____ Data below
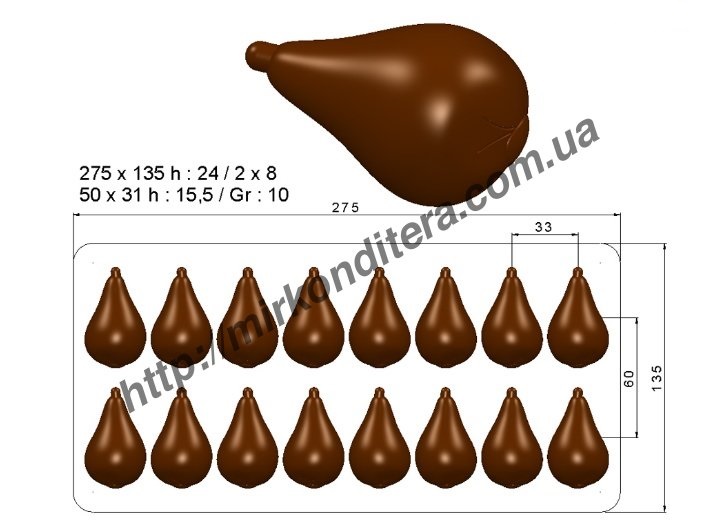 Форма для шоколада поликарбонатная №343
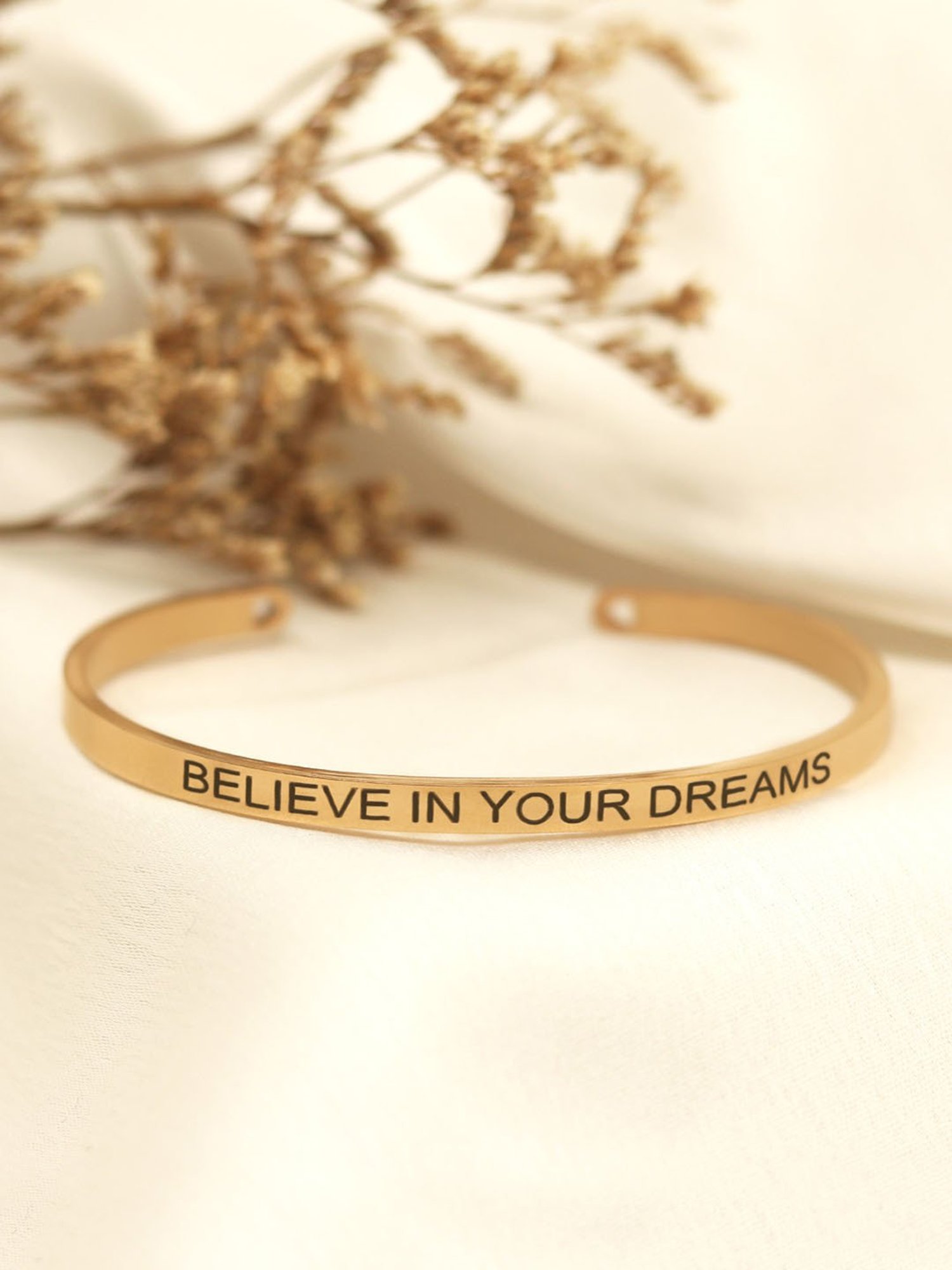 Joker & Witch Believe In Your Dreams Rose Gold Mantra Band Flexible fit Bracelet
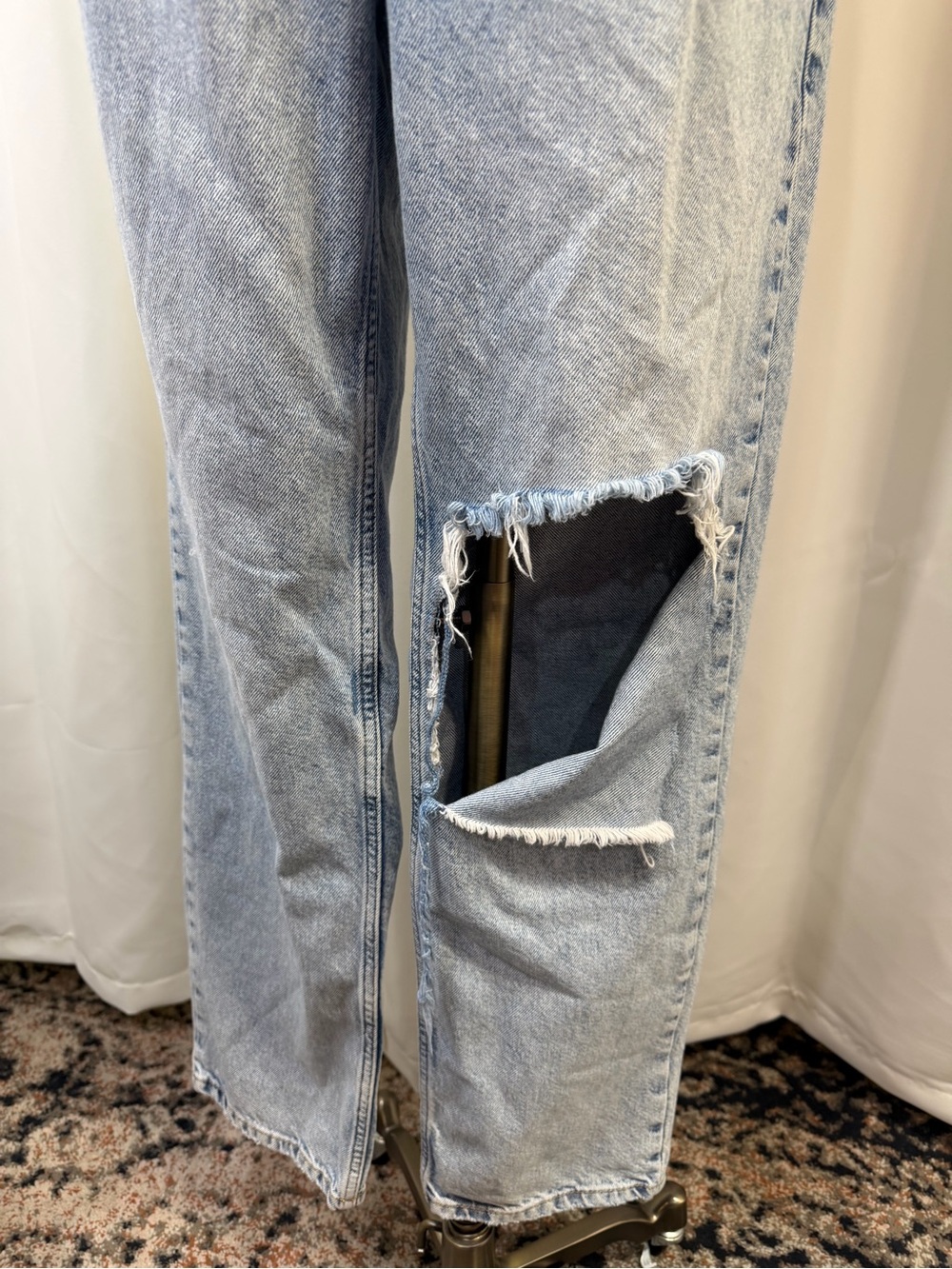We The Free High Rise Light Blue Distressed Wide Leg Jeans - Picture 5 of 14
________
> **Instructions to follow**: Transcribe everything above exactly. Do not include the pictures.

> **Answer box**:
 Форма для шоколада поликарбонатная №343
 Joker & Witch Believe In Your Dreams Rose Gold Mantra Band Flexible fit Bracelet
We The Free High Rise Light Blue Distressed Wide Leg Jeans - Picture 5 of 14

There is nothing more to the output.